Mehmet Çağlak ile sektöre dair güzel bir söyleşi gerçekleştirdik. Beklentilerini de anlatan Çağlak, Konya için fikirler de ortaya koydu. İşte Mehmet Çağlak ile yaptığımız o güzel söyleşi;
Çağlak’ın kuruluş hikayesini kısaca dinleyebilir miyiz?

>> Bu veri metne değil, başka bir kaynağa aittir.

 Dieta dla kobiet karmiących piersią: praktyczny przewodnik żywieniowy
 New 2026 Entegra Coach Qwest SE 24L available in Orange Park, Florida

Şirketin kurucusu dedem 1960 yılında köyden Konya'ya gelmiş. Buradaki evinde ufak çapta yağ yaparak geçimini sağlamış. Daha sonra 1980'li yıllarda Toptancılar Çarşısı'ndaki dükkanı tutmuşlar. Dolayısıyla tereyağ imalatı da artmış o zamanlar. İlerleyen vakitlerde babam ve amcam da sektöre dahil olup, sırt sırta vermişler. 1993 yılında ise Oto Galericiler mevkisine yakın bir yerde 750 metrekarelik bir yer satın almışlar. 1996 yılında mevcut dükkanı genişletip, öyle hizmet vermeye başlamışlar. O günden bugüne de çok şükür hizmet sahamızı genişleterek geldik. Biz aile şirketiyiz. Ben Mehmet Çağlak ve üçüncü nesilim. 1960’larda dedem başlamış, sonrasında babam ve amcam devam ediyoruz. 2004^ten beri üretimi ben takip ediyorum. İş güvenliği, yeni ürünler gibi konularda firmanın işlerini ben takip ediyorum.
Çağlak ismi nereden geliyor?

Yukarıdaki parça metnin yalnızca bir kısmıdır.